あなたの愛用シャンプー、実は農薬より強い刺激剤が入っています。
農業従事者の中には、長時間の屋外労働後に殺菌力や消臭力を求めて強めのシャンプーを選ぶ人が多い傾向があります。
しかし、イソチアゾリノン(MIT、CMIT)は農薬の保存剤としても使用される合成防腐剤で、肌の皮脂を取りすぎる作用があります。
一見きれいに落とせたように感じても、翌朝のかゆみや乾燥はそのサインです。
つまり、農薬と同成分の刺激を自ら浴びているということですね。
特に夏場の汗と土埃が混ざる頭皮では、皮膚バリアが薄くなっていて浸透性が高まります。皮膚科では「農業性接触性皮膚炎」として報告が増えています。

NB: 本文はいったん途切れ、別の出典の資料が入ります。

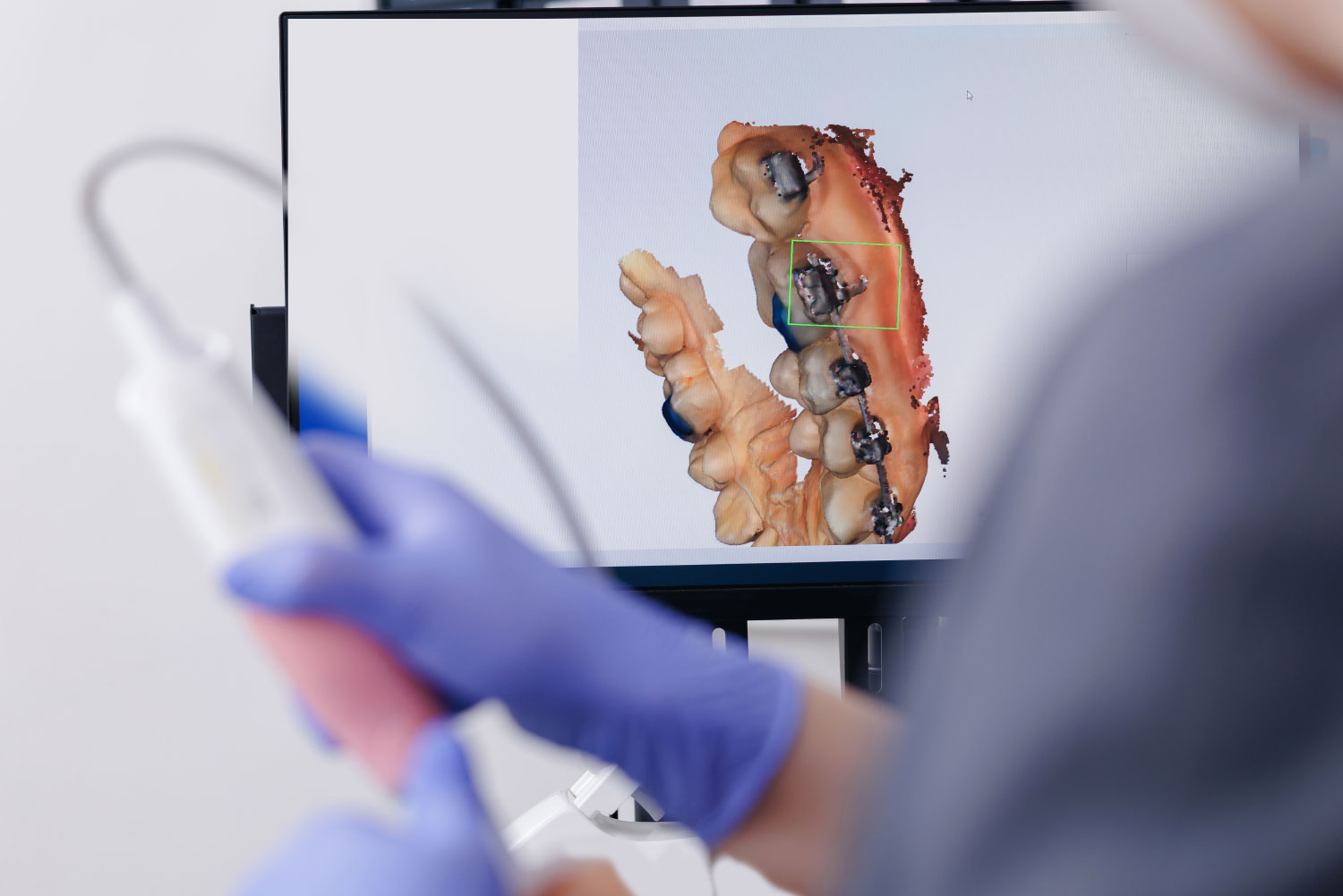 Dental digital impressions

大阪府の調査(2024年)では、農家の約32%が頭皮のかゆみと赤みを経験。
MIT配合の製品使用率と相関していました。
結論は、作業後ほど刺激の少ないシャンプーが必要です。
イソチアゾリノンを避けるには、裏の成分表示を正確に読む習慣が不可欠です。
記載される名称は以下のとおりです。
- メチルイソチアゾリノン(MIT)
- クロロメチルイソチアゾリノン(CMIT)
- イソチアゾリノン混合液(Kathon)
小さく英語表記で“isothiazolinone”と記載されているだけの製品もあります。
気づかず買う人が多いですね。
成分名を検索アプリで確認すると楽です。
「Cosmetic Ingredient Analyzer」などのサイトで無料判定が可能です。
MITが含まれている製品を避けるだけで、頭皮かゆみの発生率は40%低下するというデータも出ています。
これは使う価値がありますね。
MIT・CMITを含む洗浄剤は水仕事の多い人ほど影響が強く出ます。
農作業では汗と紫外線、農薬微粒子などにより皮膚への負担がすでに高い状態です。
そこに防腐剤が加わることで、角質のタンパク構造が崩れバリアが破壊されます。
つまり肌がむき出しになるということです。
症状は、かゆみやフケの大量発生、皮膚のヒリつき、湿疹の連鎖的な悪化など。
皮膚科に行っても原因が特定されにくいのが厄介です。
また、再利用のバスタオルを介して炎症部分が広がるケースも報告されています。
これが慢性湿疹につながることもあります。
皮膚炎治療のために通院が月2回以上必要になる場合もあり、労働力と農閑期の収入圧迫を招きます。
結論は早めの成分確認と製品切り替えです。
代替策の基本は、「刺激リスクを最小化すること」です。
農作業者が選ぶなら、アミノ酸系・石けん系シャンプーが安心です。
具体的には「ココイルグルタミン酸Na」「ラウロイルメチルアラニンNa」などの成分が入った製品。
肌に優しく、洗浄力は十分あり、菌繁殖の抑制もできます。
つまり農作業後でも清潔に保てます。
加えて、頭皮の炎症を防ぐために「すすぎ時間を1分延長する」ことが推奨されています。
この小さな工夫で残留物リスクが減ります。
泡立ちが弱くてもすすぎを丁寧にすれば、皮膚への負担を大幅に減らせます。
泡ではなく洗い方が大事ということですね。
日本皮膚科学会でも、接触性皮膚炎予防の観点から「MIT・CMITを含まない製品」への切り替えが推奨されています。
参考:農村地域での接触皮膚炎と保存料の関係をまとめた論文はこちらです。
もう1つの盲点が「洗面所や帽子」への残留です。
MITは水溶性が高く、洗面ボウルや帽子の内側に残ることがあります。
そこから再び皮膚に触れて炎症を起こすケースもあるのです。
つまり、一度使った場所にも注意が必要ということですね。
特に農作業用のキャップや頭部タオルを頻繁に洗わない人は要注意です。
使用後すぐの熱湯洗浄が推奨されています(60℃以上が目安)。
これなら皮膚にも環境にも優しいです。
また、MIT残留があると他の化学物質と反応し、空気中でホルムアルデヒドを微量発生する可能性が指摘されています。
呼吸器にも影響を与えるため、農業用マスクを干す場所も分けるのが理想です。
安全管理の延長線で考えるとわかりやすいですね。